Sanjay Bhatt, Meghan Meyer and Jim Ash work for The Palm Beach Post. E-mail: sanjaybhatt(at)pbpost.com; meghanmeyer(at)pbpost.com; JimAsh(at)pbpost.com Staff Writers Jim Ash, Antigone Barton, Noah Bierman, Dani Davies, Kim Folstad, Molly Hennessy-Fiske, Mary McLachlin and John Murawski, and Palm Beach Post wire services contributed to this story.
2. Huntingdon finds a new life in US
By DAVID FIRN and PATRICK JENKINS
Financial Times (London) October 10, 2001
Huntingdon Life Sciences' decision to seek domicile in the US is a high- profile loss for the UK life science sector, which faces increasing hostility despite strong government support. It is one of many that are finding the US more welcoming to medical research. Many inside the industry say the UK public has a schizophrenic attitude to biotechnology. Most people want the benefits of new medicines - even cures based on controversial stem cell research - but there is widespread opposition to the animal testing needed to ensure treatments are safe. Grahame Bulfield, head of the Roslin Institute in Scotland that created Dolly the cloned sheep, recently said Britain had become "a hostile environment" for its agricultural biotechnology work, although there was great enthusiasm for medical research. He said the institute could be forced to drop its agricultural research, even though it could have addressed many of the food safety problems that concerned consumers.

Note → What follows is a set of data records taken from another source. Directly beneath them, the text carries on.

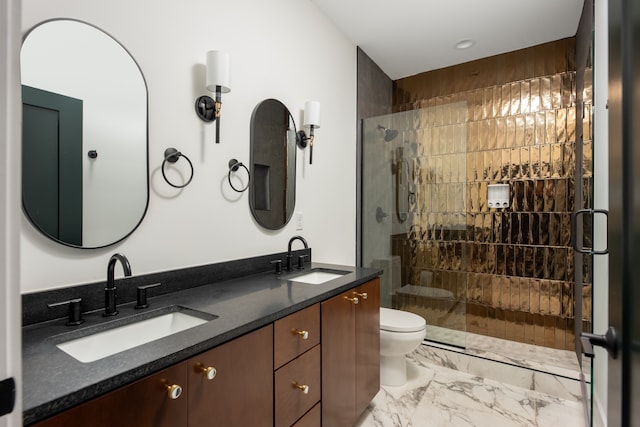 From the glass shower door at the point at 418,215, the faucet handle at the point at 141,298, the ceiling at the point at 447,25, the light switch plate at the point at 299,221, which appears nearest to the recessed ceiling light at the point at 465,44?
the ceiling at the point at 447,25

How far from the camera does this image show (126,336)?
1127 mm

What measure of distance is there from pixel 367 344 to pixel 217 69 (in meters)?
1.61

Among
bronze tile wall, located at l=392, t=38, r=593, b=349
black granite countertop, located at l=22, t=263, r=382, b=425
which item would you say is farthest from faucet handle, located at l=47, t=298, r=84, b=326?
bronze tile wall, located at l=392, t=38, r=593, b=349

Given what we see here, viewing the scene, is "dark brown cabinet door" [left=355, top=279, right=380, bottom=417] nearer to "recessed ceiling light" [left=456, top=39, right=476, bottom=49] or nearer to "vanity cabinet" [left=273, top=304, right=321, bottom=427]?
"vanity cabinet" [left=273, top=304, right=321, bottom=427]

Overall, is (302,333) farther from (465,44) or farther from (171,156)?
(465,44)

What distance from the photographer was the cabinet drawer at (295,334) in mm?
1221

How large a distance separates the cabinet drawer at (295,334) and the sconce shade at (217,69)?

An enlightened legal framework has made the UK the best place to do cloning and stem cell research, which uses cells from human embryos, but pharmaceutical companies are increasingly shifting research to the US. Public opinion is not the only factor. Pharmaceutical companies are being drawn across the Atlantic because of increasingly tight government controls on prices in Europe. The US accounts for 40 per cent of the global pharmaceuticals market by sales, but 60 per cent of profits. That has created a bigger market for contract research organisations such as HLS. Indeed, HLS itself says one of the main reasons for its relocation is that it wants to be considered more seriously. Its peer group of contract research organisations - particularly those with animal testing expertise - are all in the US. However, it does not necessarily follow, analysts argue, that the outlook for UK biotechnology as a whole is bleak. Julie Simmonds at Beeson Gregory says: "Huntingdon is a bit of an oddball really.
Its contract work in animal testing puts it in a different ballpark from most other UK companies."
If that fails to hearten UK company directors and shareholders exposed to protestor action, regulatory reform is at hand. Last week the Department of Trade and Industry launched an accelerated consultation proposing that directors' home addresses need not be published in company registration documents. Stockbrokers and regulators at the Financial Services Authority are examining a scheme - likely to be in place this year - to make nominee shareholdings independent of stockbrokers and thus entirely anonymous.